Of course, their relationship turned out to be toxic, and they break up, and Jace runs back to her the first chance he gets, so I was super peeved. Grow some backbone please or something!

I have heard it said that our own mistakes and faults are the ones that we find hardest to forgive when we see in others. When I was little an older boy would molest me when I went to see what everyone was playing. It wasn't anything serious really, but I was uncomfortable with it. I tried to tell him no and pull his hands away from me but he would just shush me like I was a misbehaving child. So at one point, I had to decide between letting him do what he wanted or leaving the room and being completely alone. Most of the time I couldn't stay away. I craved company.

I hated myself since then. I felt like I betrayed myself. I sold myself out and for what? To be in the proximity of the other children. There has been a lot of internal slut-shaming because of this. When I got older at one point he went far enough for me to get really scared and finally run away from him. I've never been alone with him in a room since then and I would always stand far out of his reach. But I still couldn't forgive myself. I had no sense of worth or any self-respect and I had suicidal ideations. The only thing stopping me from an attempt was my mother's open adoration for me. I couldn't feel loved, I didn't see myself as someone worthy of it, but I respected it enough to not end myself.

I hated myself and I also looked down on Jace who made a similar decision.

The one who made it possible for me to forgive was one of my favourite YouTubers The Authentic Observer. She made a video recently about red pill girls and their out-of-touch defence of Andrew Tate. I already knew how vile he was from an earlier video of hers so that wasn't news to me, but Galatea's explanation of why and how people fall for the boyfriend act and get roped into doing things they would never normally do was. The way she scolded Pearl for not putting herself in the shoes of the girls she was degrading; when she said that of course girls who grow up in loving homes surrounded by their families would say no, but the girls he targets being girls who didn't have that growing up who would go out into the world starving for love would, of course, go to great lengths to get even a drop of it. It made me have empathy for them and through them eventually for myself. It still sounds somewhat stupid to me that a person should have empathy for themselves, nonetheless, I found it to be true.

Suddenly what I previously saw as me being a whore I started seeing more as a desperate attempt to try to get the closest thing to love I could find. I didn't realize just how vulnerable the lack of love makes people. I mean, I have a big loving family, but I just had to be sent off for a few weeks during summer to get lonely enough to ruin life for myself for years to come.

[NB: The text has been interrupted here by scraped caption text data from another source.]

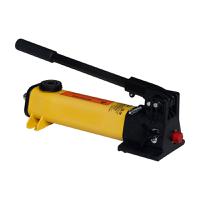 234-9578 RS PRO Two Speed, Hydraulic Hand Pump, 0.327L, 12.7mm Cylinder Stroke, 700 bar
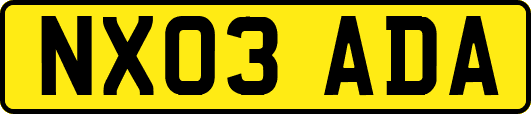 NX03ADA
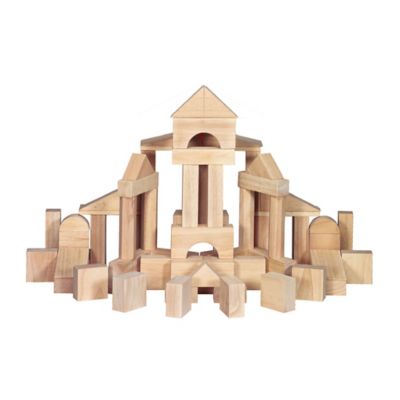 melissa & doug standard unit blocks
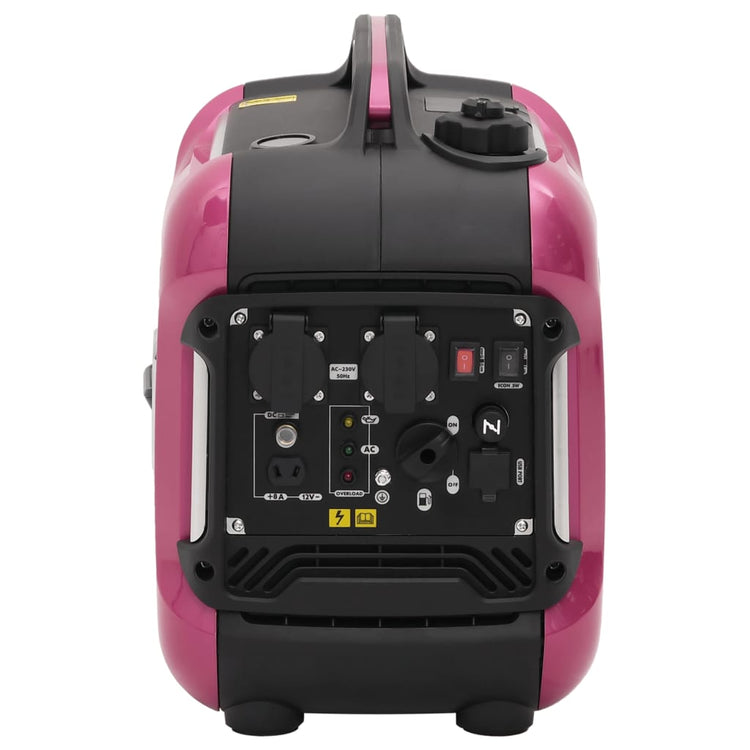 Vidaxl Gashererator 4-Taste tragbar 1880W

Galatea also recommended Louise Perry's interviews at the end of her video so I watched a few of them (like this one for example) and as I was listening and ruminating I realized that actually, Jace is a quite realistically written character in his motives. He is an orphan who can't even remember where he is from and there is a fundamental divide between him and most other people because of his secret world travelling ability so in a sense it's perfectly understandable why he would fall for Liliana who is like him. I no longer blame him for trying to get back with her, no matter how stupid it is from where I am sitting.

So I guess it's about time I really try and forgive myself. And who knows maybe I could achieve something with the sudden free energy I'll have from not hating on myself all the time.